During the 2 February 2022 court hearing, his lawyers presented requests to be considered ahead of a hearing. These requests had been made at the start of Mr. Zaki’s trial but had so far not been considered. They include the presentation of video proof of Mr. Zaki’s arrest at Cairo airport and not at a checkpoint in Mansoura, as stated in a police report; obtaining the testimonies of two investigating officers; hearing the testimony of an individual named in Mr. Zaki’s article and a copy of a court case on family inheritance law for the Christian community that would prove the veracity of the article for which he was charged.
Mr. Zaki had been arrested on 7 February 2020 by the National Security Investigations (NSI) of Egypt whilst travelling through immigration security in Cairo airport, after arriving from Bologna. He was formally accused of incitement to commit violence and terrorism- related crimes and of publishing rumors and false news that aim to disturb social peace and sow chaos under Egyptian Counter terrorism law; of managing a social media account that aims to undermine the social order and public safety under Egyptian Anti Cybercrime Law; of calling for the overthrow of the state under the Egyptian Penal Code, and for incitement to protest without permission from the relevant authorities with the aim of undermining state authority under the Egyptian Protest Law. No credible
evidence was presented.
During his 22 months in pre-trial detention, Mr. Zaki was held in Tora prison, where he had limited access to his lawyers and family members. His interactions with his lawyers were limited to a few minutes’ contact when leaving his remand renewal hearings and one member of his family was permitted a monthly 20-minute visit.
The case of Mr. Mohamed Bashir
Mr. Mohamed Bashir was arrested on 15 November 2020 shortly after midnight from his home by Egyptian security forces and taken to the State Security sector, where he was held for twelve hours without being afforded legal assistance, and was questioned about a meeting held on 3 November 2020 at EIPR. The meeting focused on the situation of human rights worldwide and in Egypt and was attended by 13 foreign ambassadors and diplomats.
He was later questioned at the Supreme State Security Prosecution about the work of EIPR, its recent publications and its work in legal aid.

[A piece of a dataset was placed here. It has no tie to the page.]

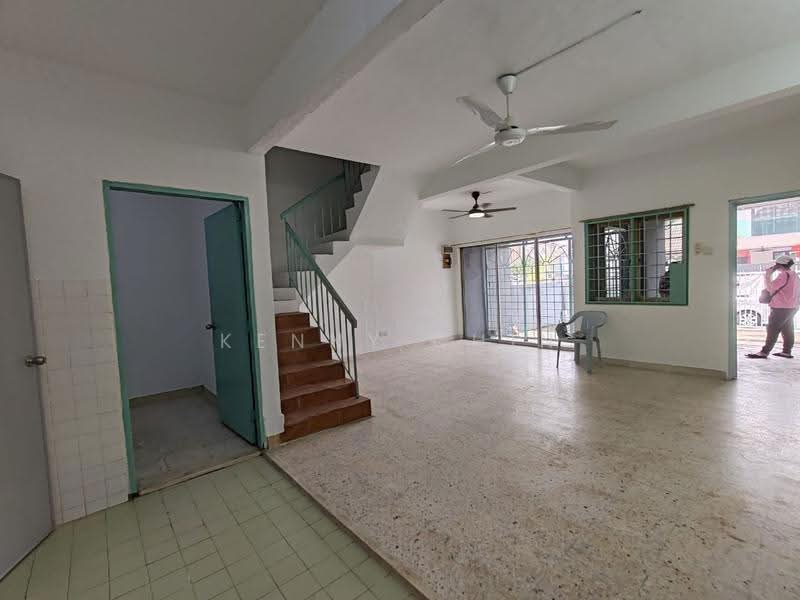 2-storey Terraced House for Sale in Ampang (Kuala Lumpur) - Kenny Chin - Living Room - PropertyGuru.com.my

On the same day, he was ordered into pre-trial detention and transferred to Tora investigation prison under Case 855/2020.
Mr. Bashir was formally accused under Egyptian Counterterrorism law of joining a terrorist organization with knowledge of its purpose, and committing a crime involving funding of terrorism. He was also charged under Egyptian Anti-Cybercrime Law for using a personal account on the Internet to spread false information that undermines public security, and under the Penal Code for broadcasting false news and statements that undermine public security and harm the national interest. No credible evidence was presented
The case of Messrs. Karim Ennarah and Gasser Abdel Razek
Mr. Abdel-Razek and Mr. Ennarah were arrested and detained separately between 17 and 19 November 2020. They were questioned by the Supreme State Security Prosecution and were charged in Case number 855/2020 under Egyptian Counterterrorism law for “joining a terrorist organisation with knowledge of its purpose”. They were also charged under Egyptian Anti-Cybercrime Law for using a personal account on the Internet to spread false information that undermines public security, and under the Penal Code for broadcasting false news and statements that undermine public security and harm the national interest. It is reported that no credible evidence was presented.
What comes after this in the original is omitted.